#### Stored dataset items:
· · · ·

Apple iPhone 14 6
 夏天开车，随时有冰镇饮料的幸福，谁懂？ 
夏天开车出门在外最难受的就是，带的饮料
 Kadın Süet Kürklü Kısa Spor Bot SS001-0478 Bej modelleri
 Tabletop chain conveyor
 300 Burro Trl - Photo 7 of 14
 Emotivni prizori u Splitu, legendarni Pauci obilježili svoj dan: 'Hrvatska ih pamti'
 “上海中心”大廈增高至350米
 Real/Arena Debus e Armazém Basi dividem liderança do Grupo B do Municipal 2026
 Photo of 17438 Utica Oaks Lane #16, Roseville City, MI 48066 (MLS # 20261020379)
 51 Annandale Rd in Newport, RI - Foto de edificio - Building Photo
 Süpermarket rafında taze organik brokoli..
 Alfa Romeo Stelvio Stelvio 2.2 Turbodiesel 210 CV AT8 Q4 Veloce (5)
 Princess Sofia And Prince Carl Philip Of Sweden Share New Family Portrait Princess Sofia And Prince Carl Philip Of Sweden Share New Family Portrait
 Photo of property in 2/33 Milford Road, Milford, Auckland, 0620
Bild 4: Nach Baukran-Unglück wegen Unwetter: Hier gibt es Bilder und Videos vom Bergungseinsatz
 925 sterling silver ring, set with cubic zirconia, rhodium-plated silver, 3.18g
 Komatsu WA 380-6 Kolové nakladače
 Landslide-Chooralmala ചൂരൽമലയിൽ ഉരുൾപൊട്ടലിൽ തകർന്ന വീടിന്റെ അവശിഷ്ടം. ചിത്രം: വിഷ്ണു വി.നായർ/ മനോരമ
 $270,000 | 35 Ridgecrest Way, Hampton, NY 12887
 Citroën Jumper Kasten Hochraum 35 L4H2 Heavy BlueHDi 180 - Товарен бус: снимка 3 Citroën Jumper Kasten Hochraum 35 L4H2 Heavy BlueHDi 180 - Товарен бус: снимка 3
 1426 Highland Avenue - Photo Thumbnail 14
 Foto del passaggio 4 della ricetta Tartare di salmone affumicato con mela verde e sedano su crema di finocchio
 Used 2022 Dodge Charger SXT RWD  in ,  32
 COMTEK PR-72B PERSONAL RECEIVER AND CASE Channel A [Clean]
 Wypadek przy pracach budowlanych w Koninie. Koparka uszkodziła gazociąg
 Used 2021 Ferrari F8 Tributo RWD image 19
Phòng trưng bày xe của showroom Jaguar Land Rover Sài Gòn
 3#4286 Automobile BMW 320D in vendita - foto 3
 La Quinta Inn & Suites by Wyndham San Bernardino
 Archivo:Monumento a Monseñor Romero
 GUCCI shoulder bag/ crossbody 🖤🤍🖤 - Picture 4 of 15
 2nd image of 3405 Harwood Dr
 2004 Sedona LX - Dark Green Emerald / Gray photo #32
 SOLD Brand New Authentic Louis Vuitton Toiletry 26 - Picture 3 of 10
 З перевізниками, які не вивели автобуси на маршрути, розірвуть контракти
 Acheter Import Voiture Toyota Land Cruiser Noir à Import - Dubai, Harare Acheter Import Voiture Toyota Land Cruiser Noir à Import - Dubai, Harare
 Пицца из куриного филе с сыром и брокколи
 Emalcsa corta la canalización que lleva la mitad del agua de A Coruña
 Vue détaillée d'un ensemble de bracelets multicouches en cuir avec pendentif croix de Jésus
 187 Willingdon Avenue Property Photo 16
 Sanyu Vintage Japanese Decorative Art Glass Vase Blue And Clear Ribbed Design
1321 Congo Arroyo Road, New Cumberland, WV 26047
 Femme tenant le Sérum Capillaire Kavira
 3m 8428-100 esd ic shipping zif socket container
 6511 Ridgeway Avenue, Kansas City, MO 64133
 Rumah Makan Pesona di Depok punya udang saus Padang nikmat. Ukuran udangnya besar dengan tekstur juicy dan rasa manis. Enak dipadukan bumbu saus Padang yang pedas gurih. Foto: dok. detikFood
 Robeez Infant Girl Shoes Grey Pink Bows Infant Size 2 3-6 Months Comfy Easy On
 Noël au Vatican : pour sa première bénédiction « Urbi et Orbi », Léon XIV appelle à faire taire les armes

· · · ·

#### Exercise description:
Supply the count of lines in the entries that include "Used", and no other text.

#### Result:
2